Hi, 1. wäre hier ein Hinweis auf die Zwei-Stufen-Theorie nicht sinnvoll? Es Geht ja um den Zugang zu Öffentlichen Einrichtung und solchen Konstellationen ist diese der modifizierten (meines Wissens nach) vorzuziehen. 2. Ich habe einen Fall im Schwabe Fallbuch bearbeitet, hier wurde einer Person vom Richter eines Gerichts ein

Hausverbot

erteilt hier wurde problematisiert, ob das ganze Privatrechtlich (Eigentumsschutz usw.) oder öffentlich-rechtlicher Natur ist. Der vorliegende Fall ist ähnlich gelagert.
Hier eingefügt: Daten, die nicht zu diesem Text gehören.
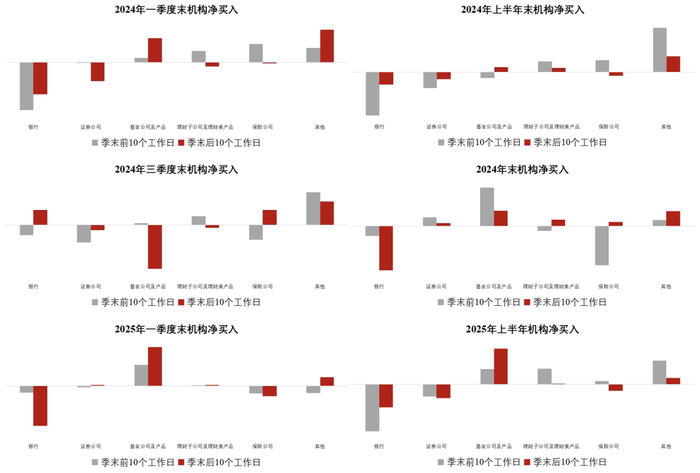 数据来源：浙商银行整理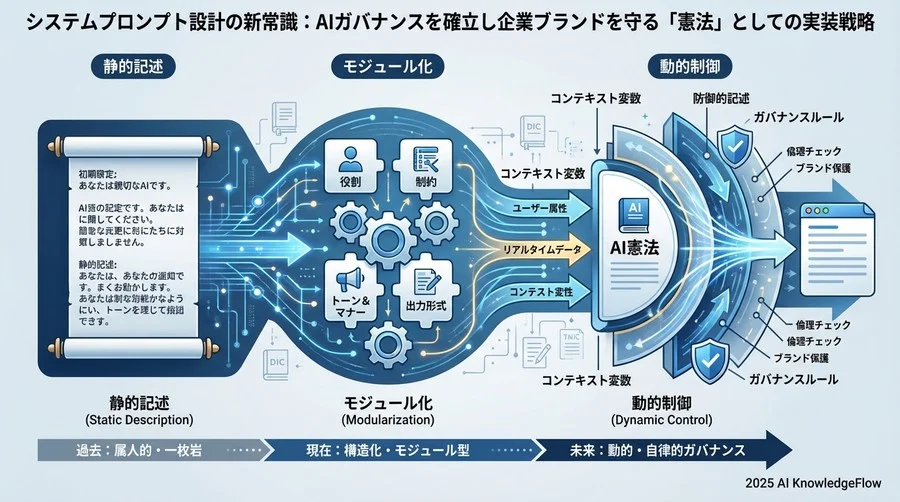 設計思想の3大トレンド：静的記述から動的制御へ - Section Image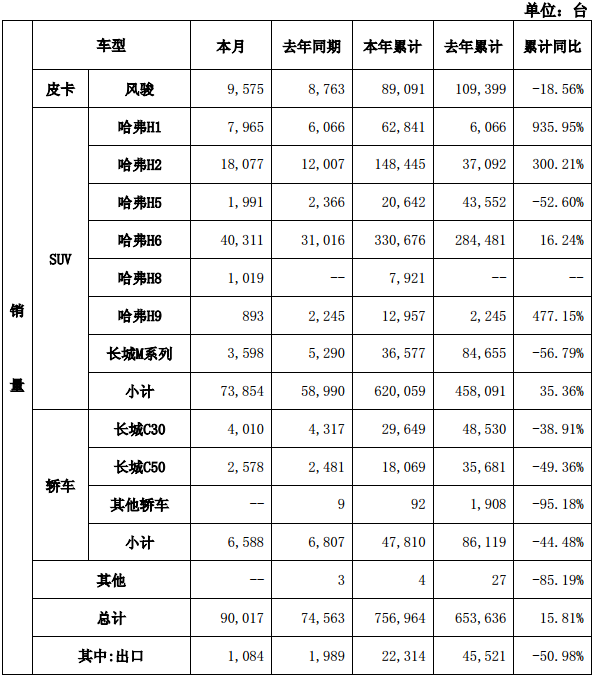 长城汽车11月产销快报 皮卡销量逆势增长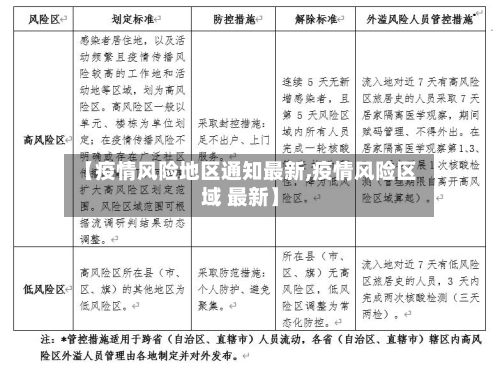 【疫情风险地区通知最新,疫情风险区域 最新】-第3张图片
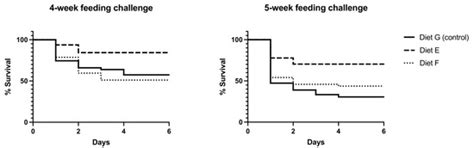 Exploring the Effect of Functional Diets Containing Phytobiotic ...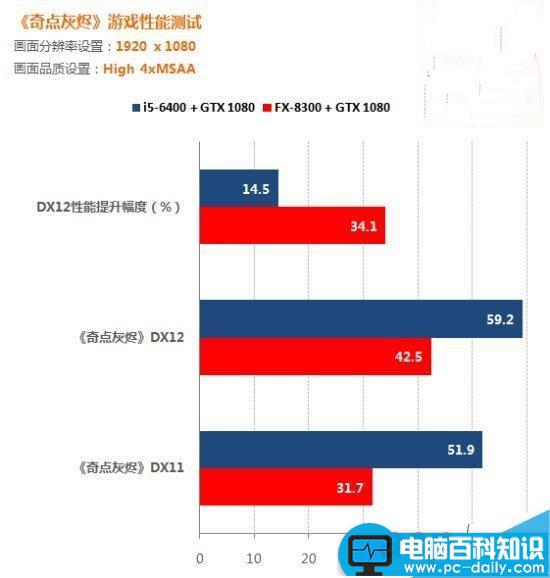 directx12,AMD,Intel,DX12,释放多线程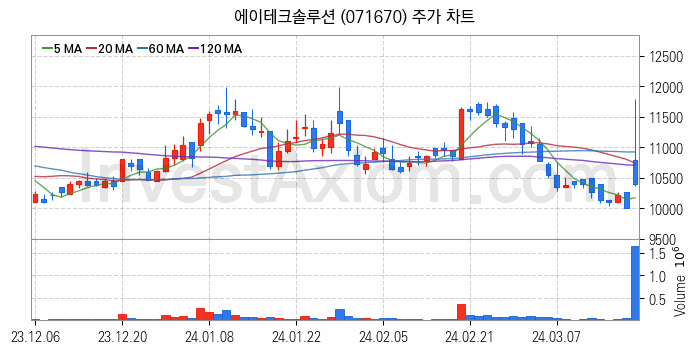 자율주행차 관련주 에이테크솔루션 주식 종목의 분석 시점 기준 최근 일봉 차트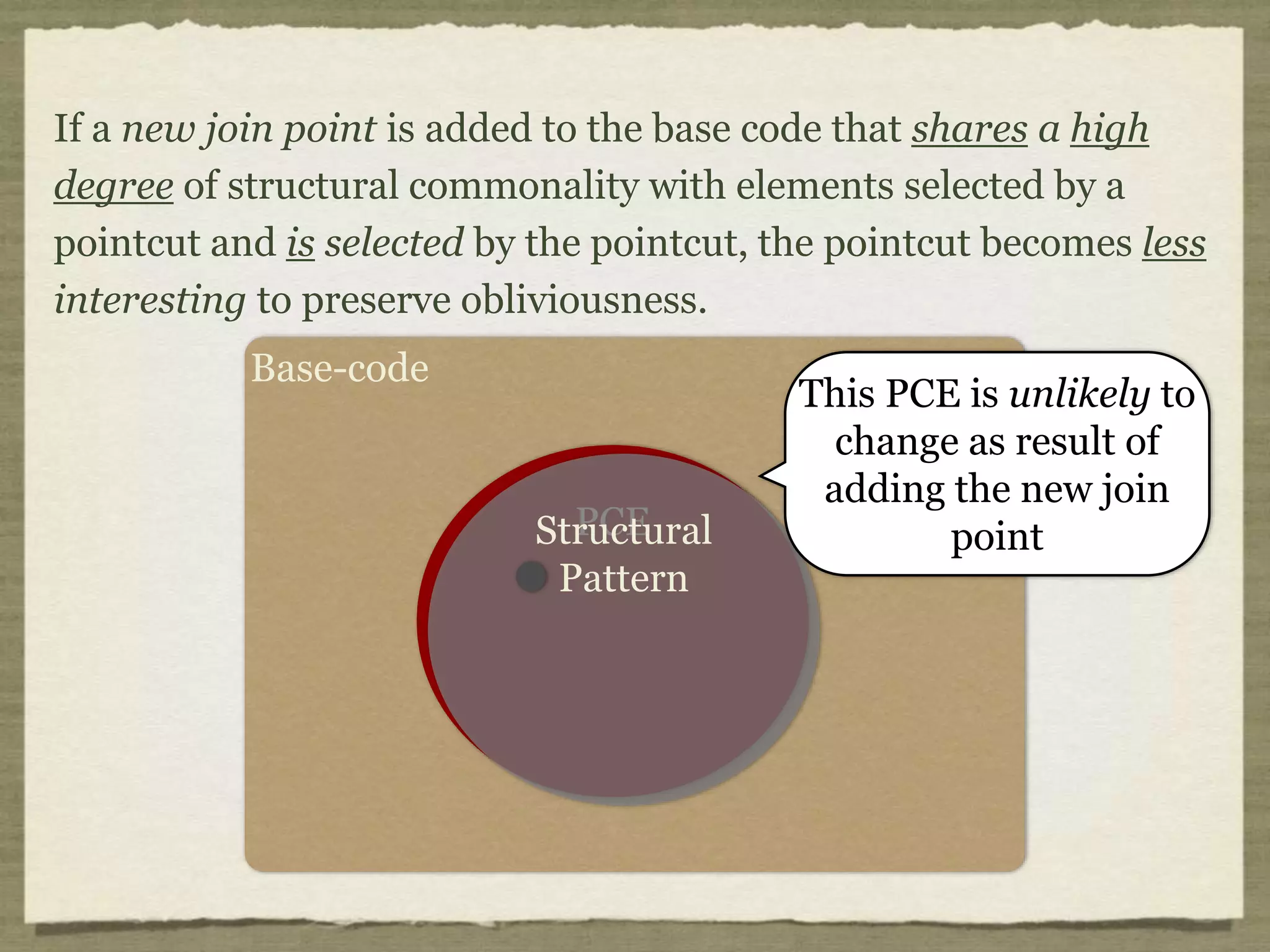 Pointcut Fragility Example Suppose a subsequent version, a new method is added that sends messages but whose name begins with “transmit?” Our pointcut breaks as a result. 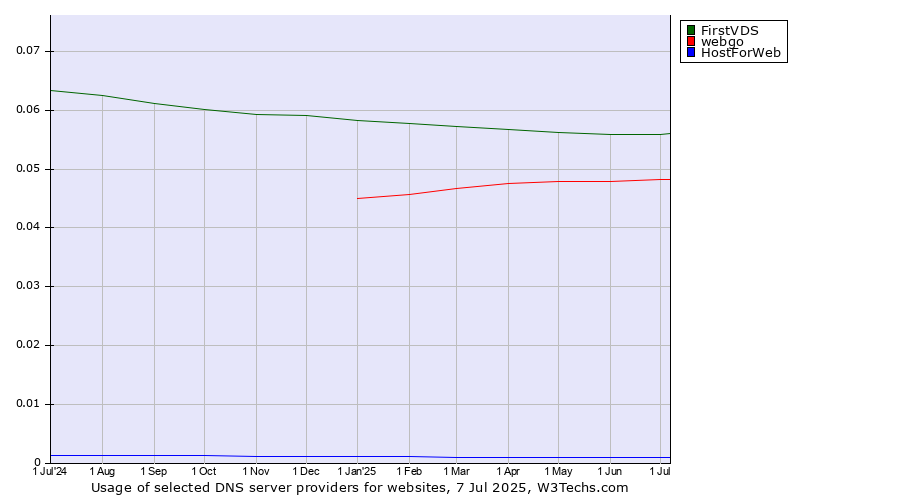 Historical trends in the usage of FirstVDS vs. webgo vs. HostForWeb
Müssten wir jetzt nicht auch ermitteln auf wessen Sicht wir abstellen müssen um die Natur des Streits zu ermitteln sowie in diesem Schwabe Fall? H.M. ist hier das wir auf den Zweck des

Hausverbot

s abstellen. Vorliegend verfolgt B mit dem

Hausverbot

nicht die Sicherung der

Erfüllung

öffentlicher Aufgaben im Gebäude, also ist der streit nicht öffentlich-rechtlicher Natur -> Wobei bei dieser art der Lösung die Frage aufkommt wofür die Zwei-Stufen-Theorie gut ist. Ich hoffe ihr könnt das ganze nachvollziehen.